WORK ORDER
Output everything in the data exactly, leaving the pictures out.

DATA EXTRACT
* * * *

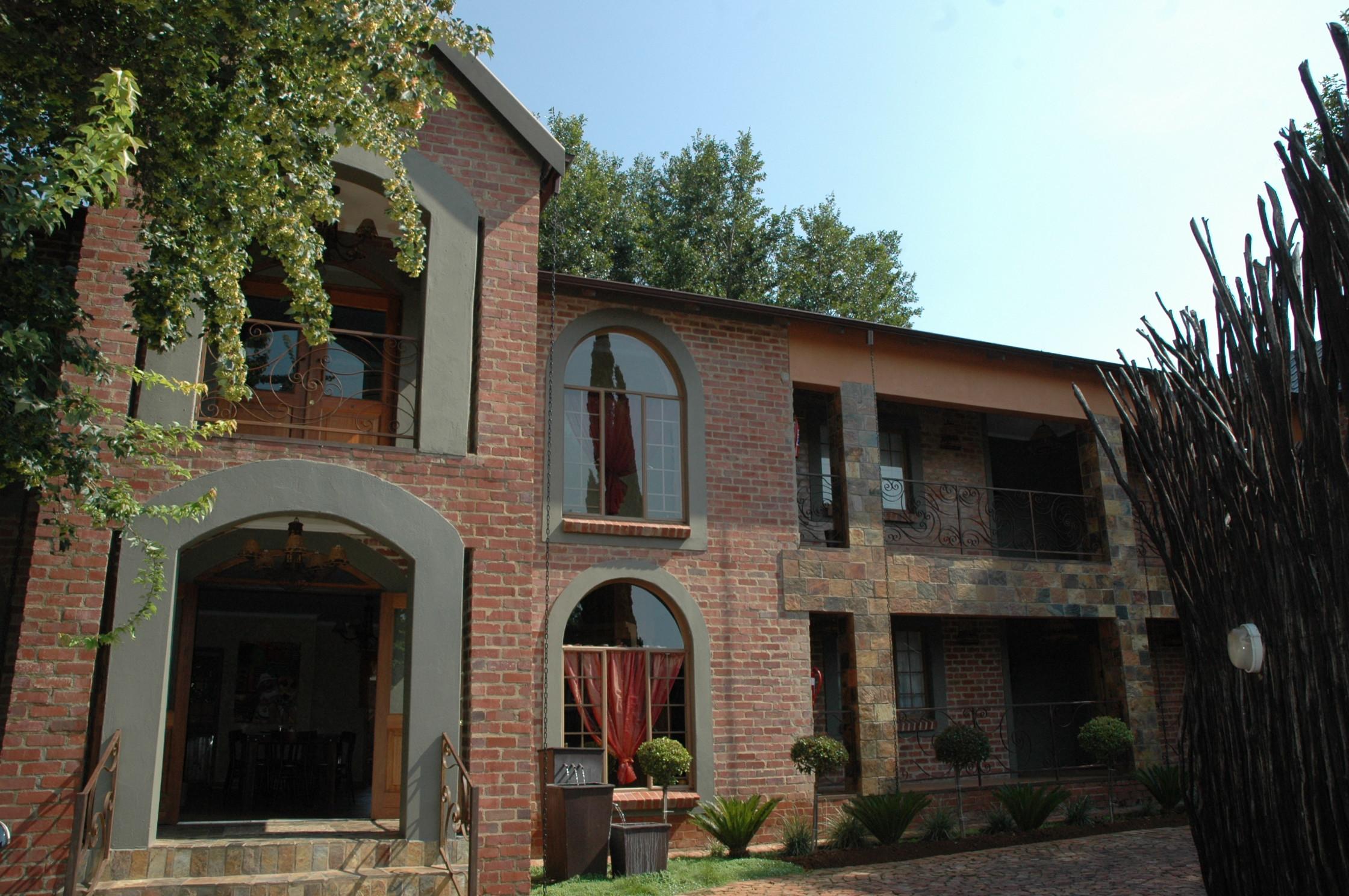 A Lala Lodge | Accommodation Clubview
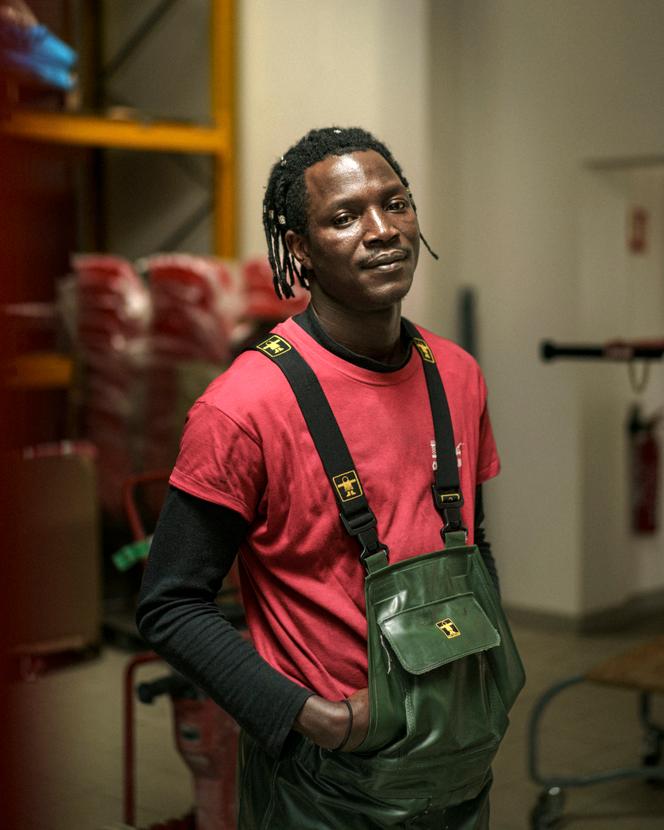 Abou Sangaré sur son lieu de travail, à Colombes (Hauts-de-Seine), le 16 mars 2026.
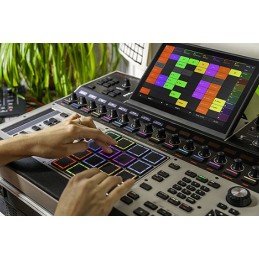 Image d'un contrôleur MPC XL de la marque Akai Professional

* * * *

SOLVED PROBLEM
 A Lala Lodge | Accommodation Clubview
 Abou Sangaré sur son lieu de travail, à Colombes (Hauts-de-Seine), le 16 mars 2026.
 Image d'un contrôleur MPC XL de la marque Akai Professional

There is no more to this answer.